- Craske, photographed in 1961
- Diocese: Gibraltar
- In office: 1954–1959
- Predecessor: Cecil Horsley
- Successor: Stanley Eley

Personal details
- Born: 11 May 1901
- Died: 10 March 1971 (aged 69)
- Alma mater: King's College London

= Thomas Craske =

British bishop (1901–1971)

Frederick William Thomas Craske (called Thomas (Note: While Bishop of Gibraltar, Craske signed himself "Thomas Gibraltar", the traditional way for serving bishops to sign: given name and See.) and Tom; 11 May 1901 – 10 March 1971) was Bishop of Gibraltar from 1953 to 1959.

==Family and education==
Craske was born on 11 May 1901, son of William James Craske, and educated at King's College London.

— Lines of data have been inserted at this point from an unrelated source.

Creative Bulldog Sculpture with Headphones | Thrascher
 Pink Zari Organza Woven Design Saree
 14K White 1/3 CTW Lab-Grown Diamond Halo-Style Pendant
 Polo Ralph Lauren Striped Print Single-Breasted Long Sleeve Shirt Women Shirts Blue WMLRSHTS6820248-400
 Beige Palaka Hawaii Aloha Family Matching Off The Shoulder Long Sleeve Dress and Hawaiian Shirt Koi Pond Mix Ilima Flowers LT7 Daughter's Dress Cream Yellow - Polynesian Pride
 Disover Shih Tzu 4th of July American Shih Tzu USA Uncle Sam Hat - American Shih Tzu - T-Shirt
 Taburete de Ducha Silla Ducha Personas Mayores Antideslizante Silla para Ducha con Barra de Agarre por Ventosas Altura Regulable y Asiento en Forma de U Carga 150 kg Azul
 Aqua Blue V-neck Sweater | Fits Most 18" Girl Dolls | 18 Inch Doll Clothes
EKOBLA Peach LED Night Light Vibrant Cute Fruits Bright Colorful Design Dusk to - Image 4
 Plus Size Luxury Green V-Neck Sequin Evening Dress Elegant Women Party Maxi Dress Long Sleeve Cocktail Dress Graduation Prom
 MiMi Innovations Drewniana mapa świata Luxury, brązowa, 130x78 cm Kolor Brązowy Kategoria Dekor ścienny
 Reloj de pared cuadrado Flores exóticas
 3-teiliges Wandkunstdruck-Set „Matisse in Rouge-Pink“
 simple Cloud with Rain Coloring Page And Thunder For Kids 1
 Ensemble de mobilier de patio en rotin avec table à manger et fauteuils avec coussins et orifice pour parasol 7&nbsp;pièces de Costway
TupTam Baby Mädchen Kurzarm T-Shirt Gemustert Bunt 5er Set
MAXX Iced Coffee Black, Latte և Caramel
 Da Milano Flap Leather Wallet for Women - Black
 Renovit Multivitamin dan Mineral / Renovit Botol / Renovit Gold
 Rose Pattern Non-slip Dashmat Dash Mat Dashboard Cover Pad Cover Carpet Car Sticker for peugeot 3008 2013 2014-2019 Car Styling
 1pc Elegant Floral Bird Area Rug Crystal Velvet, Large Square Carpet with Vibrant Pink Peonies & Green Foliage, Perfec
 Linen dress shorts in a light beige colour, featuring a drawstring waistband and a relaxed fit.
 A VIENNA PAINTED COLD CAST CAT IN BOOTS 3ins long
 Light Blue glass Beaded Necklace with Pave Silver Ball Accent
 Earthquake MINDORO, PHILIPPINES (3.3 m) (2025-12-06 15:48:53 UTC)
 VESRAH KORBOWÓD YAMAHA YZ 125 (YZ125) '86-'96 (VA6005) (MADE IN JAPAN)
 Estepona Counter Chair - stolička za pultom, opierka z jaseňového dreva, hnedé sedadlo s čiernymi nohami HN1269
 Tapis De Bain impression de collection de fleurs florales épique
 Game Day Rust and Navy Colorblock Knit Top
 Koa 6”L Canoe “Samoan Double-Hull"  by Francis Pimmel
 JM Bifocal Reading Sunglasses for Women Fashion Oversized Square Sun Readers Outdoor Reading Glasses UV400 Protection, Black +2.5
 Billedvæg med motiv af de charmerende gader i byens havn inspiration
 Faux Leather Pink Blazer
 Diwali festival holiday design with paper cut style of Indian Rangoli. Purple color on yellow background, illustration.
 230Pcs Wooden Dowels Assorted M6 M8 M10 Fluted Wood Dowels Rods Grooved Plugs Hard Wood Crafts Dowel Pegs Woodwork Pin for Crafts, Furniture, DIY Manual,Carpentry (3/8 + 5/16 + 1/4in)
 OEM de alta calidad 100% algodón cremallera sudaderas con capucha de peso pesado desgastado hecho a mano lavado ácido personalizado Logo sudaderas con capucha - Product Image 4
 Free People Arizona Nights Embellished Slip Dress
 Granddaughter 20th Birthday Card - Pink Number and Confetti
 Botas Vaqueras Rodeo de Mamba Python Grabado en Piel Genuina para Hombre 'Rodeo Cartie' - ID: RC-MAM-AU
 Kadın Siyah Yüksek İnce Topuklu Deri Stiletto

He therefore graduated Bachelor of Arts (BA) from the University of London and Associate of King's College (AKC) before embarking on an ecclesiastical career. He married Nellie, daughter of a Harold Wilson; they had two sons.
==Priestly ministry==
He was made deacon at Michaelmas 1927 (2 October) by Arthur Winnington-Ingram, Bishop of London, at St Paul's Cathedral (by letters dimissory from the Bishop of Manchester) and ordained priest the following Michaelmas (23 September 1928) by William Temple, Bishop of Manchester, at Manchester Cathedral. He served his title (curacy) at St Chrysostom's Church, Victoria Park (Manchester).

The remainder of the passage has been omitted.